Total cycles scales linearly with -DNTSTORE_ITERS=n from about 9 upward, with exe_activity.bound_on_stores and resource_stalls.sb essentially equal to cycles.

The last two counters are measuring branch misses, and total front-end cycles lost to re-steer and other recovery from things like branch misses.
Branch misses are usually negligible at 19 inner loop iterations or lower, but at 21 or higher we get almost exactly one mispredict per outer-loop iteration, i.e. the last inner iteration every time.

For NTSTORE_ITERS=6 or lower, it's vastly faster (14M cycles for 1M outer iterations = 12M NT stores), which makes sense because Skylake has 12 LFBs. NT stores hit in the same partial LFB, not needing to evict anything, so there's no off-core bottleneck. n=7 (14 lines) takes ~390M cycles, n=8 (16 lines) takes ~600M +- 30M cycles. For n=10 (20 lines) we get 990M cycles.

This extremely fast speed with n=6 holds up when the load dep chain is running. e.g. latency chain of ecx=1 rep 2, store work of n=6. Outer iteration count bumped up by a factor of 100. Total time = 1600M cycles, 2.56 IPC. vs. 1400M cycles with the dep chain shortened even more, just bound on store throughput. I think if loads were disturbing LFBs at all, that would make it much slower.
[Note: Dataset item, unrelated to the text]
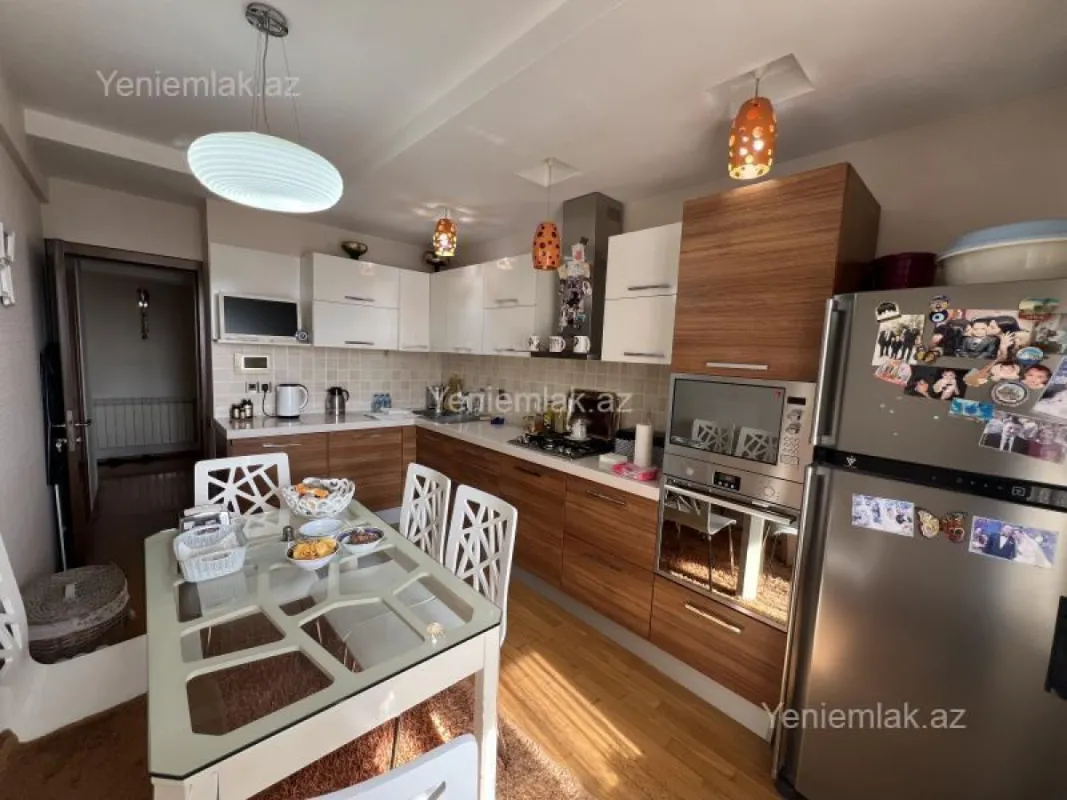 Satılır 3 otaqlı yeni tikili 115 m²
I don't know why it takes 14 cycles for 12 NT stores.

# dep chain: ECX=1 / %rep 2
# stores: NTSTORE_ITERS=6  (12 lines, same numbers of LFBs)
# outer iterations: 100M instead of the 1M in other tests.

 Performance counter stats for './lfb-test' (3 runs):

            410.56 msec task-clock                #    0.999 CPUs utilized            ( +-  0.06% )
                 2      page-faults               #    4.868 /sec                   
     1,600,236,855      cycles                    #    3.895 GHz                      ( +-  0.00% )
     4,100,000,135      instructions              #    2.56  insn per cycle           ( +-  0.00% )
            92,188      exe_activity.bound_on_stores #  224.404 K/sec                    ( +- 54.94% )
       675,039,043      resource_stalls.sb        #    1.643 G/sec                    ( +-  0.01% )
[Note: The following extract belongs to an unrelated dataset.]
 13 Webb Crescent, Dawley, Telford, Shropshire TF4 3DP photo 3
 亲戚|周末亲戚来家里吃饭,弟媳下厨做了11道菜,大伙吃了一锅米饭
So to occupy all the LFB for most of the time, we should be using at least 20 cache lines, might as well go for 32 (n=16). It's short enough not to cause branch misses, or to fill up the store buffer or scheduler if we give it time to drain in between. But long enough to be way more than the number of LFBs, so we certainly have lots of cycles where they're all occupied.

IDK if it's just a coincidence of core clock and memory clock, but that n=16 (32 NT stores) case takes almost exactly half the time of the load / ALU dep chain I created. With 1M outer iterations doing 32 NT stores each, that's about 1602 cycles per 32 NT stores, or 50 cycles per partial-line NT store in terms of throughput cost. They execute on the execution units at 1/clock, so a burst of 32 of them can get into the store buffer really quickly compared to how long it takes one to commit.

(Of course, there are buffers at other levels of the cache hierarchy, like the "superqueue" between L2 and the ring bus. So when NT stores are coming in bursts, they first of them can likely hand off faster than that. Except it won't even try until it's getting evicted as a partial-line write.)

Anyway, n=16 for 32 cache lines touched takes half the time of the ALU dep chain, when doing just the stores. And it's bursty enough that it's almost certainly occupying all the LFBs for a decent fraction of that 50% "duty cycle" of store bursts.

Certainly they'd be occupied for well over the couple percent slowdown we see when we're doing this in parallel with the load/imul chain. That dep chain needs to complete a load every 8 cycles, and can't "catch up" in bursts. Any time a load address is ready but the load doesn't execute that cycle, throughput is lost and can't be caught up, because that's how critical path latency bottlenecks work.

Unless the CPU reserves an LFB for loads, if they somehow need one. I think that's unlikely.

Reducing the ALU dep chain so it's also 16M cycles long, same length as the store throughput bottleneck with n=16, combined they still overlap perfectly. This presumably needs all the LFBs to maintain that store throughput, which is pretty solid evidence that they're independent.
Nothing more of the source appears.